I really don't understand why CHP qualifies for the sustainable energy portal if it is fossil fuel fired. Wouldn't it be preferable to get heat and electricity from green sources? -- Ionium Dope ( talk) 22:49, 26 October 2009 (UTC)
It is surely essential in any article to have the costs of the technologies, otherwise it is pretty much meaningless. This information is closely guarded by manufacturers, who only reveal it in private tenders as a rule. Hence the links to cost examples are extremely valuable and are not commercial - a commerical link would be to a vendors site, and in any case vendors do not give out prices, except as part of confidential negotiations. Engineman ( talk) 15:16, 14 November 2009 (UTC)
What is the unit of energy kWe refernced in the mini and micro CHP sections? I think they should say kWh. —Preceding unsigned comment added by 83.244.246.242 ( talk) 15:10, 11 February 2011 (UTC)
As this is such a niche space, is it worth linking to any providers like Urban Energy? 125.255.85.74 ( talk) 06:02, 13 June 2012 (UTC)
Can we remove the external links warning message at the bottom of the article? - it seems appropriate to have a list of organizations providing cogen information organized by region.-- Wendydi ( talk) 02:54, 30 December 2012 (UTC)
I'm proposing to merge Cogeneration and Trigeneration. There little information in Trigeneration that's specific to trigeneration as opposed to cogeneration. In the introduction section, it mentions that trigeneration is a subset of cogeneration that also allows cooling, but that is it. -- Article editor ( talk) 21:47, 21 March 2013 (UTC)
This type of plant is certainly a related but distinct topic (currently a redirect leads to here). Such an article exists on almost ten other Wikipedias, see iwiki links at pl:Elektrociepłownia. -- Piotr Konieczny aka Prokonsul Piotrus| reply here 09:22, 25 February 2014 (UTC)
Tri-generation is over emphasized. Cogeneration is much more common and is widely used in heat using industries. The biggest problem is the tirgeneration diagram in the lede, where a cogeneration diagram should be. Phmoreno ( talk) 20:43, 17 August 2014 (UTC)
hmm, it seems you are one of the people who created the problem on this page, fix it yourself. [1] — Preceding unsigned comment added by Mion ( talk) 00:48, 27 September 2014 (UTC)
I mean, it seems to me you might have some sort of bias against trigeneration, which may not be very popular in places like the US, but is gaining more and more popularity throughout Canada and other temperate climates such as Russia.
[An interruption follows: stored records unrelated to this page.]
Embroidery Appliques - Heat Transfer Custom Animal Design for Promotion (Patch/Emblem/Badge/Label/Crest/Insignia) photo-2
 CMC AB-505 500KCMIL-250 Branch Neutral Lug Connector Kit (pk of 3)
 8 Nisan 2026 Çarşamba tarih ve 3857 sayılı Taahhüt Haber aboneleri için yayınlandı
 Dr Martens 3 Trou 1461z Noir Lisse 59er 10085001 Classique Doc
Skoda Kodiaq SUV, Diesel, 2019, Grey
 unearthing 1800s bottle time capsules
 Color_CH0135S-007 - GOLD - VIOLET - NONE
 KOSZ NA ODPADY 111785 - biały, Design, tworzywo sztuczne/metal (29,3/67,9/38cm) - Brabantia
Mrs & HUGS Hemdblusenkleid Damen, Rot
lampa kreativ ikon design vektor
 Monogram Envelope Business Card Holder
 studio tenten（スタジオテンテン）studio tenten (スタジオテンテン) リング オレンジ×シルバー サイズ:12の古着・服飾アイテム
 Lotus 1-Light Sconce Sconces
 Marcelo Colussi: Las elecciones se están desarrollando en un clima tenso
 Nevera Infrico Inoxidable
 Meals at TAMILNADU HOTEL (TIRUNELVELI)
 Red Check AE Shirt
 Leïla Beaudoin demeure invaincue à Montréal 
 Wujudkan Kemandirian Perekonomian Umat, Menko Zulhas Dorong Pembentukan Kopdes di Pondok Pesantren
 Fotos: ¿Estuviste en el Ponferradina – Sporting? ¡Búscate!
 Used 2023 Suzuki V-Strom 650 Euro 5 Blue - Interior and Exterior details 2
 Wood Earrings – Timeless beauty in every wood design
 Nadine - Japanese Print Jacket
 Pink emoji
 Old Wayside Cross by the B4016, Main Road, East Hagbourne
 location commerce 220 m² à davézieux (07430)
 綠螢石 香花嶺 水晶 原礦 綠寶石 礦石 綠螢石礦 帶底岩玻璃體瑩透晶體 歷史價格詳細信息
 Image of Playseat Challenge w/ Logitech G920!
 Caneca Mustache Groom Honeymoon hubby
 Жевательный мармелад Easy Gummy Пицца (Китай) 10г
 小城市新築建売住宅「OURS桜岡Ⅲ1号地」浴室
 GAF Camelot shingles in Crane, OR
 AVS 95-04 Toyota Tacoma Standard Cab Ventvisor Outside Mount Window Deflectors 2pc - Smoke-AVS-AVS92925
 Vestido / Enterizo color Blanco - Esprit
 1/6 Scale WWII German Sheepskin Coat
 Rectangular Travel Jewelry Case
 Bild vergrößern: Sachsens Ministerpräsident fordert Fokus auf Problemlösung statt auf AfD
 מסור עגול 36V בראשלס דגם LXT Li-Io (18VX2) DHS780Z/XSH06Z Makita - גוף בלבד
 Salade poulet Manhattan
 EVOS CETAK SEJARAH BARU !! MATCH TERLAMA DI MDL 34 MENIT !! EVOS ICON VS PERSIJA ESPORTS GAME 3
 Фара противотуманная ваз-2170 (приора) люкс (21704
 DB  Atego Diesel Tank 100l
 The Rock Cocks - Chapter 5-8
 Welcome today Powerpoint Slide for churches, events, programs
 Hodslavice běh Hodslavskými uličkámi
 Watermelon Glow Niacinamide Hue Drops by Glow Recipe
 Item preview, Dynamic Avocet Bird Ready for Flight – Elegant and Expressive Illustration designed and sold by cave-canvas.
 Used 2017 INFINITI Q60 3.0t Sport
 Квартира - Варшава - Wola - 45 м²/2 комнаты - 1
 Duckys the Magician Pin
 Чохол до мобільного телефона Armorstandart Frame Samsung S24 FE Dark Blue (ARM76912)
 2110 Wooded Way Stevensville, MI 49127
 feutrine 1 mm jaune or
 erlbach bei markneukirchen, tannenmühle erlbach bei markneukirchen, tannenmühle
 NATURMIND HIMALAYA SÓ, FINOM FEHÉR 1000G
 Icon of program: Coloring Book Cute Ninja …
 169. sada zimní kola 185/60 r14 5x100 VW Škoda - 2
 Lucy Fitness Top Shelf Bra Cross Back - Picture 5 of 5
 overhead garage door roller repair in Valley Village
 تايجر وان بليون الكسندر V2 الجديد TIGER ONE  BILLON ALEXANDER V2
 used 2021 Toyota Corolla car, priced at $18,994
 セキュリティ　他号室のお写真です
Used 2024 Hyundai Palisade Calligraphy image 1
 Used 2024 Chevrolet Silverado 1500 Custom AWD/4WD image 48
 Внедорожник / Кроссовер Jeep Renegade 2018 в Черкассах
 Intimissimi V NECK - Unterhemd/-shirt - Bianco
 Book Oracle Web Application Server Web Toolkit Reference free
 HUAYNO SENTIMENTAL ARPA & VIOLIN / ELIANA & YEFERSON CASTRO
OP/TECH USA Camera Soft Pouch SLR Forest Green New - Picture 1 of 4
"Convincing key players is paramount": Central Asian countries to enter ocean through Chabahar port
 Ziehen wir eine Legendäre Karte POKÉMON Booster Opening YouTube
Either giving trigeneration its own page again, or adding more about trigeneration to this article is necessary for someone like me who is trying to learn about both cogeneration and trigeneration using this article as a starting-point to further research. After all, I thought that was the whole point of Wikiepdia - to offer in-depth general knowledge about specific subjects. Maybe I'm wrong, but it does seem like more information is better than less - at least when the information is pertinent. 142.113.214.251 ( talk) 16:11, 14 May 2018 (UTC)Geoff
this sentence: "As a whole, the European Union generates 11% of its electricity using cogeneration, saving Europe an estimated 35 Mtoe per annum a day.[39] "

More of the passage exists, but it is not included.